This question is one I’ve given a lot of thought to in the past few weeks, especially after discussing it in the Contemporary Pedagogy class earlier this semester. I’d like to think that the way I dress would not affect how I am perceived, but that assumption is probably short-sighted. My credibility may already be undermined by the fact that I am a female, even if it is a subconscious and unintentional bias. And I likely will be close in age, or at least appear close in age, to many of my students, which would could make it easier to not take me very seriously as an educator. But I think I’m not willing to go out of my way to dress very formally to teach. I’d rather be comfortable and practical, and it wouldn’t hurt to be a little more relatable to students.
A similar question is concerned with the way I choose to be addressed by the faculty and by the students. I think this would affect the relationship I have with students, but I would rather it not. For example, I do not wish to be called “Dr.” so-and-so, because an informal salutation would be more relatable and maybe approachable. But if there is an atmosphere of disrespect that unfolds as a result of being on a first-name basis, I would in that case consider being called Dr. to establish my credentials and make it clear that I should be respected. But that is a decision that has to be made early, because it would be even worse to go by my first name initially and then change my mind—I don’t think that would go over well. I think part of this depends on the culture of the university, or of the department in which I teach, so maybe I will have less control over the outcome than I’m anticipating. That might make it easier, I suppose, by avoiding the need to make a decision!

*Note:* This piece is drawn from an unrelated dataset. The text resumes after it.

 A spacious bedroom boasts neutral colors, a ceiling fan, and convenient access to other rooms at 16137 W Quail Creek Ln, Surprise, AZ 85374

I would like to think, as one of my classmates in Contemporary Pedagogy mentioned, that having a PhD would warrant respect and credibility in the eyes of my students automatically, regardless of things that seem silly and unimportant (like what I wear or how I choose to be addressed). But there is a nagging part of me that wonders if this is true. Maybe this also depends on the general culture and atmosphere of the university, but if not, I think it’s something I can establish and instill early in the semester by having an open and transparent discussion about these things. I don’t mean that I would address appearances or names directly, but setting the tone at an early stage that the class will be professional and respectful towards everyone, including myself, could be a good start.